Since we started to compile fantasy statistics during the 2018 baseball season, we have always been fascinated with the number of points we didn’t score. In our weekly recaps, we always talk about how many points we didn’t score and whether or not it could have affected the final outcome of the matchup. For recap purposes, we listed every week in the spreadsheet on the right. Since we are not able to substitute players into the lineup during the week, these bench numbers would have a significant impact on the matchups and our final numbers.
Head to Head Results
There were 12 teams in our league this season, which meant we had 11 opponents. Out of all those matchups, we posted a winning record against two of them, Dropping Klefboms (2-0-0) and Cyberbullying HWAG (2-0-1). After that, we played two teams and split the season series 1-1, HANDZUS JOB and No Ice in Iceland. We also split a series with B Galli 1-1-1.
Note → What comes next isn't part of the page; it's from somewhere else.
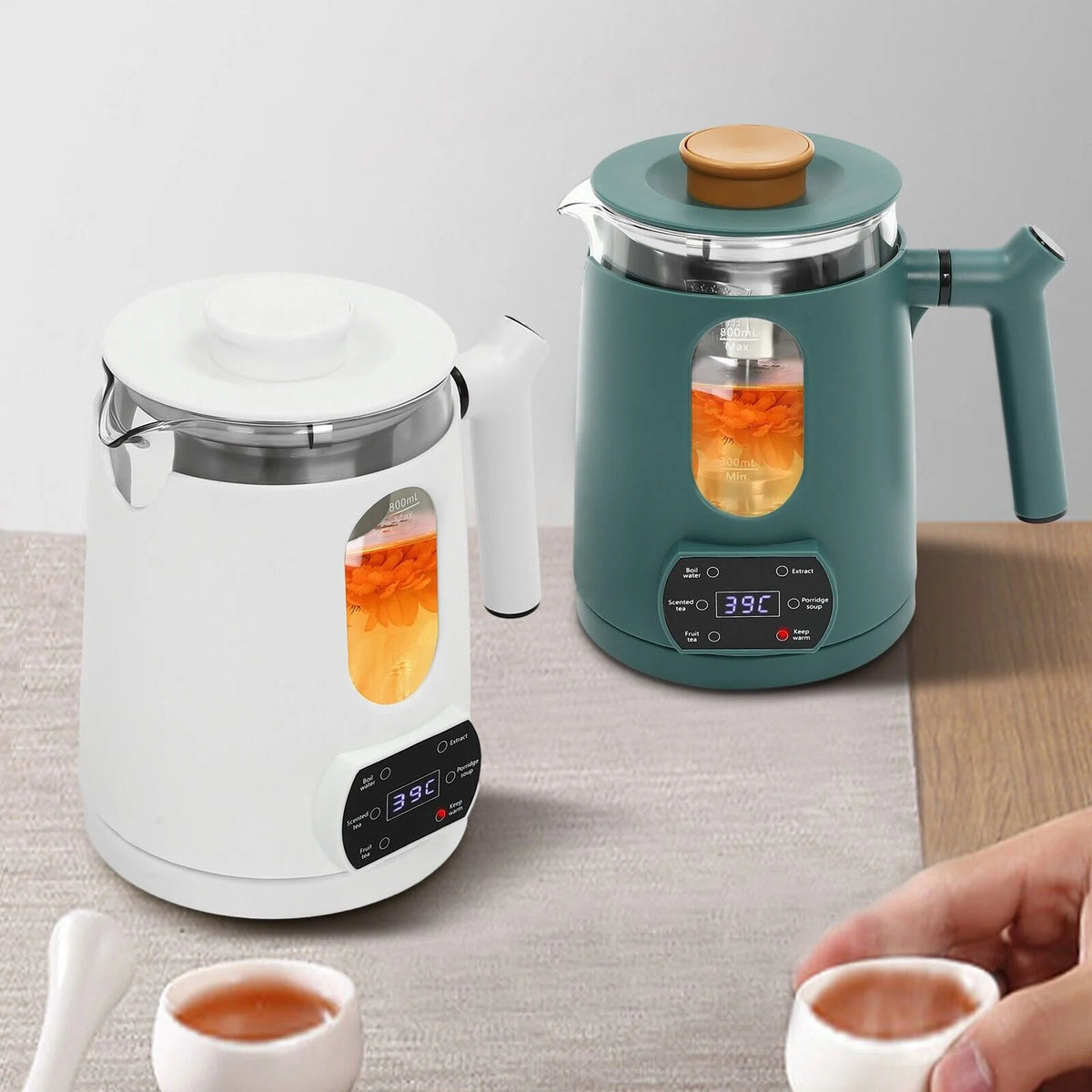 600W 0.8L Temperature Control Electric Tea Kettle O139255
We were swept (0-2-0) by three teams, Money in Leblanc, Hanz&Franz, and Donkey Kong Country. Do I Love Horcoff??? and The Real Deal both claimed the only matchups we had (0-1-0), while we managed to take a point from Gloveside (0-1-1) despite losing the first matchup.
When it comes to matchup scores, we played our best against Cyberbullying HWAG (17-9-4) and our worse against Do I Love Horcoff??? (2-7-1). We produced winning matchup scores against Dropping Klefboms and Cyberbullying HWAG. In regards to the other nine teams, we were severely outscored when the final numbers came in.
We were on a mission at the start of the 2019-20 fantasy season. We wanted to produce a winner after a miserable first season in a new league. Unfortunately, that didn’t happen for the second straight year. Despite our ambitions going into the draft, we failed to produce a winner on the ice. It seems that even after learning the structure of this league and setting ourselves up to succeed in it, we didn’t really learn anything.
Lucky for us, the future is bright, just like it is in The Big Apple.